TEKEL işçisi direnişi sürdürüyor. Ekmeği, geleceği, onuru için direniyor.
TEKEL işçisinin direnişi çocuğunu nasıl okutacağını kara kara düşünen, okula gönderirken cebine harçlık koyamayan velinin, hastanede tedavi olamayan hastanın, güvencesiz çalışan milyonlarca emekçinin, şimdi güvenceli olsa bile hakları her gün budanan milyonların, milyonlarca işsizin, borç içindeki esnafın, toprağını ekemeyen, ektiğinden kazanamayan çiftçinin, öğrencinin, bütün bir halkın direnişidir.

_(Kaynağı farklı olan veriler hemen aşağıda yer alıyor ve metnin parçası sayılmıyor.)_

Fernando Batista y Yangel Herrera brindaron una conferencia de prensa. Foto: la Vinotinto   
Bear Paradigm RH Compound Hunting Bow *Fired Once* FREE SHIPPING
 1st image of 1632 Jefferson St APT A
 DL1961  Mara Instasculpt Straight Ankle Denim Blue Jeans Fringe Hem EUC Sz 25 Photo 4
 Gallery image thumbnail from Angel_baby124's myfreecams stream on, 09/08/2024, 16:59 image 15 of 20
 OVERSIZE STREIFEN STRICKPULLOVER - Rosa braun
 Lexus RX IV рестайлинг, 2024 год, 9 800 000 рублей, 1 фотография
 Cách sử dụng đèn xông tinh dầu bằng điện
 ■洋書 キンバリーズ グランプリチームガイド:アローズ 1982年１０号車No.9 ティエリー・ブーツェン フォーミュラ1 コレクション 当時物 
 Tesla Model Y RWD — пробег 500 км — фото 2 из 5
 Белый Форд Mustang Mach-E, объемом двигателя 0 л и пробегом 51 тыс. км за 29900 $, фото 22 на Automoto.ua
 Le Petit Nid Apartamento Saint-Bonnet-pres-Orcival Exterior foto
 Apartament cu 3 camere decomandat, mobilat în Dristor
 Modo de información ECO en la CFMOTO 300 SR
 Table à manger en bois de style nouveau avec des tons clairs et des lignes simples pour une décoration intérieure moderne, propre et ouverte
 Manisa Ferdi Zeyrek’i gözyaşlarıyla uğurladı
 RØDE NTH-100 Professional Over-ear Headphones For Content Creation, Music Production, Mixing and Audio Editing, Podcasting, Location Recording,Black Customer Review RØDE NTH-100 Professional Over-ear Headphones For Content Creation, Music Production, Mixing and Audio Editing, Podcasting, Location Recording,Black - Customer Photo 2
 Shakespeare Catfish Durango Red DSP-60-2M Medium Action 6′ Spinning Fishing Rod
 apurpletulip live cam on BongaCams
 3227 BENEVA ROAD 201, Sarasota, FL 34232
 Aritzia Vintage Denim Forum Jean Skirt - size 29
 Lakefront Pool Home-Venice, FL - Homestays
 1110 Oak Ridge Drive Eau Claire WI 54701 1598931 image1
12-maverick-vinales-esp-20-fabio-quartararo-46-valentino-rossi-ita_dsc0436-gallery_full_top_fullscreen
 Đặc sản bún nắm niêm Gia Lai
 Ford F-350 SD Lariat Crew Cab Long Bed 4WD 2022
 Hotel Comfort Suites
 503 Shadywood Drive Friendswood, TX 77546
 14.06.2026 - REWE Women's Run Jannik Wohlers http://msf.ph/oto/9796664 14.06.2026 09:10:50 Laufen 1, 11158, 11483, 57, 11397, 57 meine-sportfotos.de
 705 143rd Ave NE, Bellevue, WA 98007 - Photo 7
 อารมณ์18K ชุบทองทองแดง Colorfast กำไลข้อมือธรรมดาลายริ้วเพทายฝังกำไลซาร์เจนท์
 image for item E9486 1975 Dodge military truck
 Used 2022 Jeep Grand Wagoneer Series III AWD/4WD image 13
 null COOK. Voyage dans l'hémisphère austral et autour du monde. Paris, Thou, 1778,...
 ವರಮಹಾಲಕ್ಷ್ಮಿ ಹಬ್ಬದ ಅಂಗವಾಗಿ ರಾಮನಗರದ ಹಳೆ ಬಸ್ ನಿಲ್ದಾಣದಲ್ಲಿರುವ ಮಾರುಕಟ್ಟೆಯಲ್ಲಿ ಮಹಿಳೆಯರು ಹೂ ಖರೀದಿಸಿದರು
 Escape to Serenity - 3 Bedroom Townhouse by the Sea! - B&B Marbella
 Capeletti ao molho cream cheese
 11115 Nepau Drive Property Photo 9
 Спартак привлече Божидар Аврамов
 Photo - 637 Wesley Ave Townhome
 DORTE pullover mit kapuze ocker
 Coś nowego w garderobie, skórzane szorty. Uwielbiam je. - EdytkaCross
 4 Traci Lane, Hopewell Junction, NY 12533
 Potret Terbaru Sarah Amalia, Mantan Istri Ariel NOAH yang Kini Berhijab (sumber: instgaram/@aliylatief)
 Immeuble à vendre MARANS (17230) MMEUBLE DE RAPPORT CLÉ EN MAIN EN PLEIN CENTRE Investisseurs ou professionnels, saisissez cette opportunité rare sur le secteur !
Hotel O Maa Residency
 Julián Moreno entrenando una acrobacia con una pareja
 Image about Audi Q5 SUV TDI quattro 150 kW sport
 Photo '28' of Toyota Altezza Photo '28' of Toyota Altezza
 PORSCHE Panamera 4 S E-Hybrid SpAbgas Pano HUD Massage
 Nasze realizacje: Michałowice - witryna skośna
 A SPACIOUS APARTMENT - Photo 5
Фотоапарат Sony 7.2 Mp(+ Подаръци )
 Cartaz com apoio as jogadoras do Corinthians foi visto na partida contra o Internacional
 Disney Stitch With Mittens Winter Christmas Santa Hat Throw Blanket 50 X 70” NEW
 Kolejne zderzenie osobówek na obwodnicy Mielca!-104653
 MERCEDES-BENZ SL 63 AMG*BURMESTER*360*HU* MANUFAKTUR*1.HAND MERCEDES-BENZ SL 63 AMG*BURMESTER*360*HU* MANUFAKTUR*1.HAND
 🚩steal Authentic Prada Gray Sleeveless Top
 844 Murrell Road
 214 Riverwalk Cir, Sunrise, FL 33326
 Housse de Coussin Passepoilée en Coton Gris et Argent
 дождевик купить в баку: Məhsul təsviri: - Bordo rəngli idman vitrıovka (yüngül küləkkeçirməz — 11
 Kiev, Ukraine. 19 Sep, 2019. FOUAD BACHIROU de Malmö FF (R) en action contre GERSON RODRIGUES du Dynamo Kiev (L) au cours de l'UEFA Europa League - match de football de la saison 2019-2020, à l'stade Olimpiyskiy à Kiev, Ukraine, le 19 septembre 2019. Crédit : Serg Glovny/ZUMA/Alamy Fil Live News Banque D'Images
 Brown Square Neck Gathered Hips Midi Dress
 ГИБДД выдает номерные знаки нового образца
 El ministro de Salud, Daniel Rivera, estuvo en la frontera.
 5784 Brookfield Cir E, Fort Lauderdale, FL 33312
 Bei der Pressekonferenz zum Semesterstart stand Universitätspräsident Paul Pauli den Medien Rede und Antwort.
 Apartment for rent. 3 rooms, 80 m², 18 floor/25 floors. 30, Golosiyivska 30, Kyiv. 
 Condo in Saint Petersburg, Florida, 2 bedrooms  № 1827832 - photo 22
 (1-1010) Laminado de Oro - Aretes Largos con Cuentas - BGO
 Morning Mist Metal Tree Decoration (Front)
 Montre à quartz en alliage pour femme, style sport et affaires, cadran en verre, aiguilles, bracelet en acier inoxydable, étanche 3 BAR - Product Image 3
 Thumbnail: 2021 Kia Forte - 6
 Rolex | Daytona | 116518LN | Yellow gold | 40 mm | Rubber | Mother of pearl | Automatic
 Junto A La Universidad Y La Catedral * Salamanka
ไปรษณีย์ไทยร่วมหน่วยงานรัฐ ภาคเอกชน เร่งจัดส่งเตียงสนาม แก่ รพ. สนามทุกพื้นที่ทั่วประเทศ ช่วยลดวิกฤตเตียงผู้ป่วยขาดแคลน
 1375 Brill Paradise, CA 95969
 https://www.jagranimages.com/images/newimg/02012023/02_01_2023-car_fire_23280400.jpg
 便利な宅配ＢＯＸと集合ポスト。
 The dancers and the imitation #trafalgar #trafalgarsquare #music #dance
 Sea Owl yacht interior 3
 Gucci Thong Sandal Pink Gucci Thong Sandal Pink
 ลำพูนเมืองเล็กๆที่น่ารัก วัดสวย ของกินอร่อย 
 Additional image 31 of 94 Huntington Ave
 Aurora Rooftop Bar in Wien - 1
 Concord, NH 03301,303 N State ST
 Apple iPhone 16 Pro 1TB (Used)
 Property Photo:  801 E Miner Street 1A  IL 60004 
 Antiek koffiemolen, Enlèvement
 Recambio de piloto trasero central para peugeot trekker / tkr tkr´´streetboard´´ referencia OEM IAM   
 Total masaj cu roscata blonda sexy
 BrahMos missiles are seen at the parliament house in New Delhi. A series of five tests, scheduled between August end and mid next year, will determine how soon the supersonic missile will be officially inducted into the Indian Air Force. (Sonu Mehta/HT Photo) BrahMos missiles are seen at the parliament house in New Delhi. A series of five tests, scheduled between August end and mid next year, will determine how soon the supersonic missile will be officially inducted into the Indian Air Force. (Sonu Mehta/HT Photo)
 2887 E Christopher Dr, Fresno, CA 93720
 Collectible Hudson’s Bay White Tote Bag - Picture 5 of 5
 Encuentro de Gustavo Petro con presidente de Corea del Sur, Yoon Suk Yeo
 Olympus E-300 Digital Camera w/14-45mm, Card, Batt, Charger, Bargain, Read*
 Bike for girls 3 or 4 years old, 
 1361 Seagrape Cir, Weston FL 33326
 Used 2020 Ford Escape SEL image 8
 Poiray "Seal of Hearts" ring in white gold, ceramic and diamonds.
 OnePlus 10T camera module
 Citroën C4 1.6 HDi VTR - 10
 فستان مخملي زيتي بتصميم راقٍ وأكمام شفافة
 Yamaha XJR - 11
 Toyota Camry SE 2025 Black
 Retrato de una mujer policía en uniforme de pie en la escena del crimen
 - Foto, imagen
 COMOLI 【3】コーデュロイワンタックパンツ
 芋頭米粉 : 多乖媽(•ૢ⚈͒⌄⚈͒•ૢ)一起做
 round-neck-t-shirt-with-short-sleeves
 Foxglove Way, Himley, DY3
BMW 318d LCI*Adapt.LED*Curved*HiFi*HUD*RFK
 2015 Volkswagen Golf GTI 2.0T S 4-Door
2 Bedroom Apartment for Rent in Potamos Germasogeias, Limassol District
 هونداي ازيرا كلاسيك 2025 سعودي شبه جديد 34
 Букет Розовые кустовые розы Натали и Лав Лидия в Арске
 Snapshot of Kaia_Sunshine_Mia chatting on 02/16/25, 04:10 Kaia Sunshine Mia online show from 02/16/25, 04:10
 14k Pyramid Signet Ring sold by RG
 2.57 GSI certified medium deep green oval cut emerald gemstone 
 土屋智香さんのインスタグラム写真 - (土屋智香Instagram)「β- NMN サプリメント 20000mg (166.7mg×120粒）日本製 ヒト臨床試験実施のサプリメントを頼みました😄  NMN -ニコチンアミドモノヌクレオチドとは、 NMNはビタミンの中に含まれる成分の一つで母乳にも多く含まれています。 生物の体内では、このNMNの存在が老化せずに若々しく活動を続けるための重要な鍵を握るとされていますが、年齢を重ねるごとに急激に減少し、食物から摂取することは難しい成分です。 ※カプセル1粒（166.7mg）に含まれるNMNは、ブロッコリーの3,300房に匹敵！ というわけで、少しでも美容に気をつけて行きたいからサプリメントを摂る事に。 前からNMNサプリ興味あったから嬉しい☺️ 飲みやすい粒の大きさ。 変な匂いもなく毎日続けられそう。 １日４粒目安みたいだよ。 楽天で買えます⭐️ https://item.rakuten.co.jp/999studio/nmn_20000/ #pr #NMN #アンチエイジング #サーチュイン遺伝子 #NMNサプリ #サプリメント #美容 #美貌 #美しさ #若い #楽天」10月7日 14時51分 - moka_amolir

Başbakan bu yüzden direnişten nefretle söz ediyor, amacın hak aramak olmadığını söylüyor. “Kusura bakmasınlar bu ülkenin sahipleri var, bu ülke yolgeçen hanı değil” diyor Ve işçiyi tehdit etmekten geri durmuyor “bu ay sonuna kadar sabredeceğiz” diyor. Oysa herkes biliyor ki bu ülkenin sahipleri sermaye sahibi patronlar ve onun temsilcisi olan AKP ve başbakan değil, emekçilerdir, halktır yani TEKEL işçisidir. AKP halk düşmanlığını bir kez daha tescillemiştir.
AKP Hükümeti halktan korkuyor. Yüz binlerce 4 C’linin yakasına yapışmasından korkuyor. Önümüzdeki dönem 4 C statüsüne geçireceği emekçilerin direnişinden korkuyor. Haklarını söke söke alan emekçinin halka örnek olmasından korkuyor. Çalışma bakanı “Hadi TEKEL işçisini 4 C’li yapmadık, diğer 4 C’lilere ne diyeceğiz” diyerek itiraf ediyor.
Korkunun ecele faydası olmadığını göstermek boynumuzun borcudur.
Gün TEKEL işçisinin direnişini büyütme günüdür, TEKEL olma günüdür. 4 Şubatta Genel Grev var. Genel grevi halk grevine çevirelim. Tekel işçisi kazanırsa tüm işçiler kazanacak, halk kazanacak.
Haydi genel greve haydi halk grevine, haydi halkın gücünü göstermeye.